FOR OVER 30 YEARS, Lark Quarry in central-western Queensland has been regarded as the world’s only evidence of a dinosaur stampede. This is all about to change, however, due to a recent study which suggests that the tracks were made by swimming and wading dinosaurs, rather than those running on land.

Anthony Romilio, a palaeontologist from the University of Queensland who led the study on the 95- to 98-million-year-old tracks, says they were preserved in river sediments when the area was part of an expansive forested floodplain.

Prehistoric prints left by water-loving dinosaurs

“Many of the tracks are nothing more than elongated grooves, and probably formed when the claws of swimming dinosaurs scratched the river bottom,” says Anthony. “Some of the more unusual tracks include ‘tippy-toe’ traces – this is where fully buoyed dinosaurs made deep, near vertical scratch marks with their toes as they propelled themselves through the water.”

“It’s difficult to see how tracks such as these could have been made by running or walking animals,” he adds. “If this was the case, we would expect to see a much flatter impression of the foot preserved in the sediment.”

Anthony says some of the larger tracks are much more consistent with walking animals, suggesting that they may have been left by dinosaurs wading through shallow water.

The study, published this week in the Journal of Vertebrate Palaeontology, found that the river in question may have been a preferred travel route for the herbivorous bipedal dinosaurs, which ranged in size from emu- to chicken-sized animals.

One of the most complex dinosaur track sites in the world

Lark Quarry is one of the most complex dinosaur track sites in the world, with a very high number of footprints.
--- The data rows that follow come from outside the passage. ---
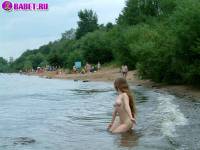 порно фотосессия 18 летняя целка пошла голая к воде фото-51.йпг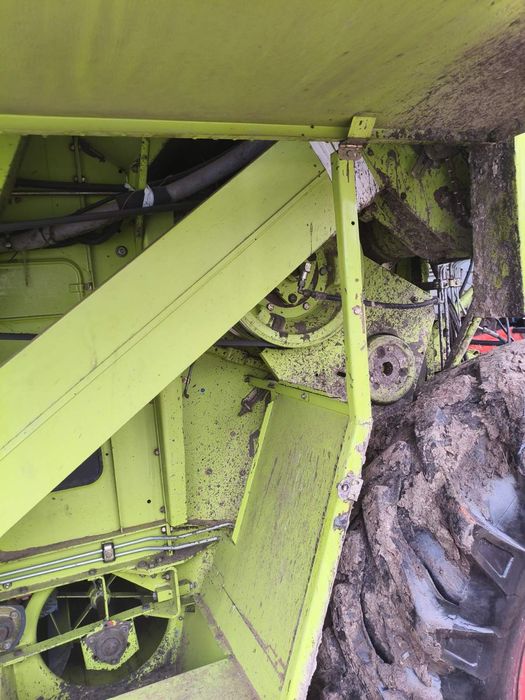 Продаєця комбайн клас домінатор 68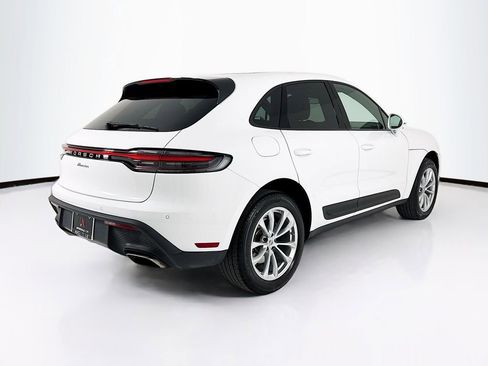 Certified 2025 Porsche Macan image 9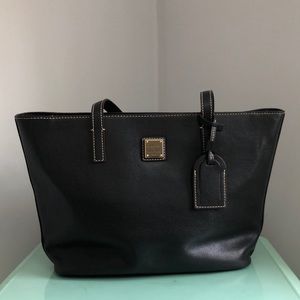 Dooney & Bourke Black Beacon ZIP Tote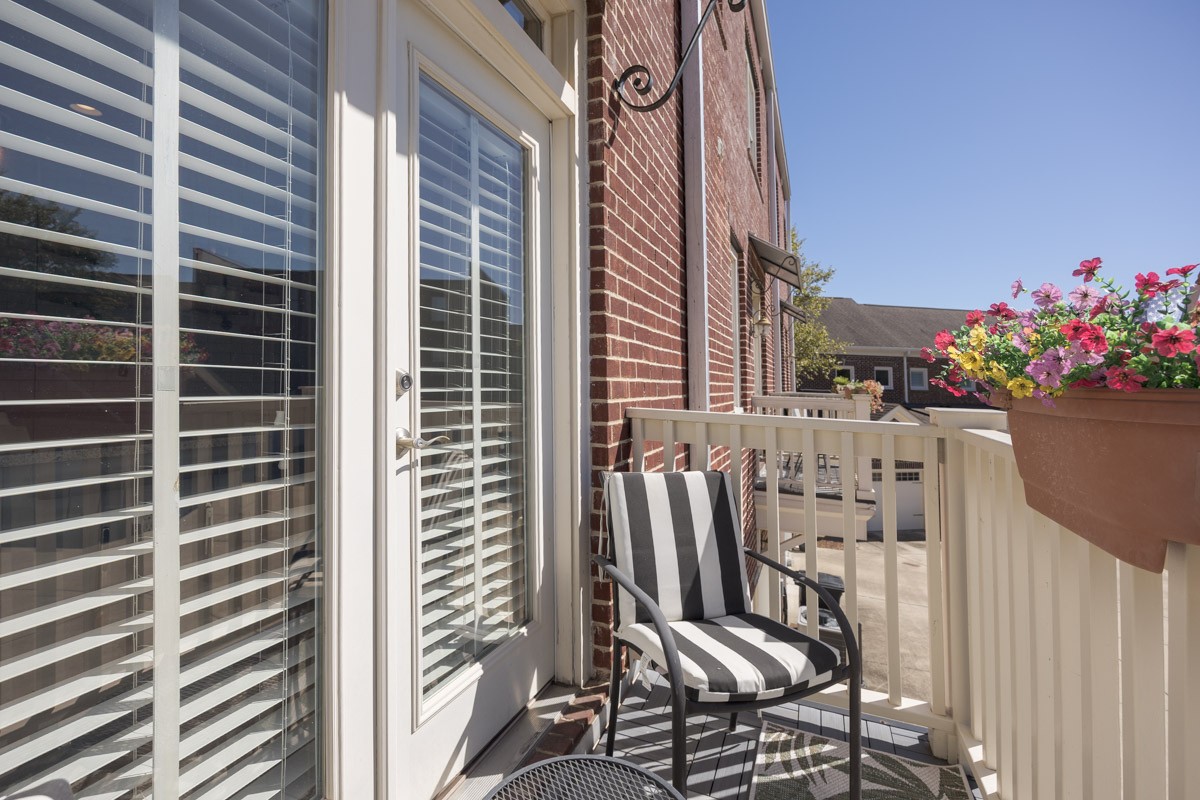 419 Henry Russell St
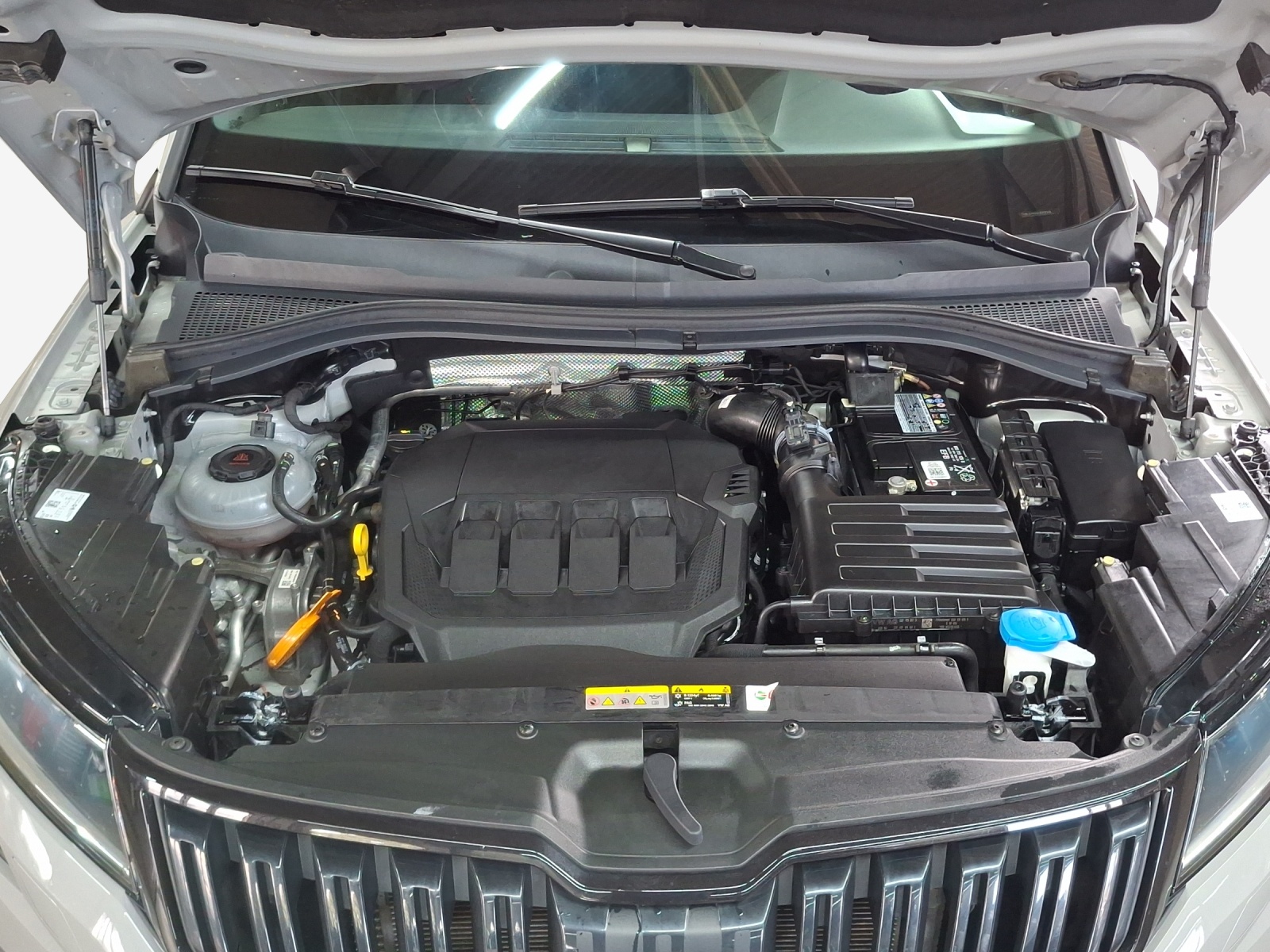 SKODA Kodiaq 2.0 TSI 4x4 Sport Line-image-15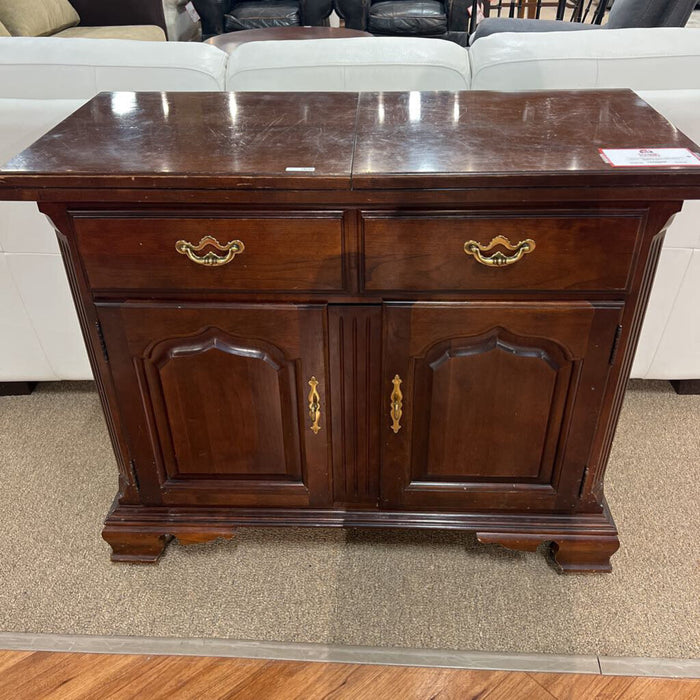 Thomasville Cherry Buffet (LAH)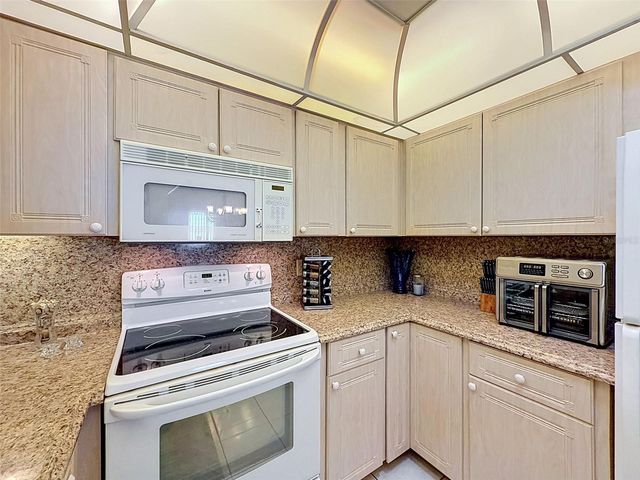 11935 BOYNTON LANE 17GB, New Port Richey, FL 34654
Previous research at the site identified, among others, the tracks of two types of smaller dinosaur: the long-toed tracks of Skartopus australis, and the shorter-toed impressions of Wintopus latomorum.

However, 3D analysis has allowed for a new understanding of the larger sequence of tracks at the site. “3D profiles of Skartopus tracks reveal that they were made by a short-toed [dinosaur] dragging its toes through the sediment, thereby elongating the tracks,” says Anthony.

Previous research by Anthony and his supervisor Dr Steve Salisbury also suggested that the larger tracks were made by a herbivorous dinosaur rather than a large carnivorous theropod, as previously thought.

“Taken together, these findings strongly suggest Lark Quarry does not represent a ‘dinosaur stampede’,” says Anthony.

Steve Salisbury says regardless of how it is interpreted, the new findings take nothing away from the importance of the site. “Lark Quarry is, and will always remain, one of Australia’s most important dinosaur track sites,” he says.


These prints were made by a chicken-sized ornithopod dinosaur. The high density of these tracks – there are 3-4000 of them exposed at the site – combined with the range of variation that they exhibit,  make Lark Quarry one of the most important dinosaur track sites in Australia. (Credit: Dr Steve Salisbury)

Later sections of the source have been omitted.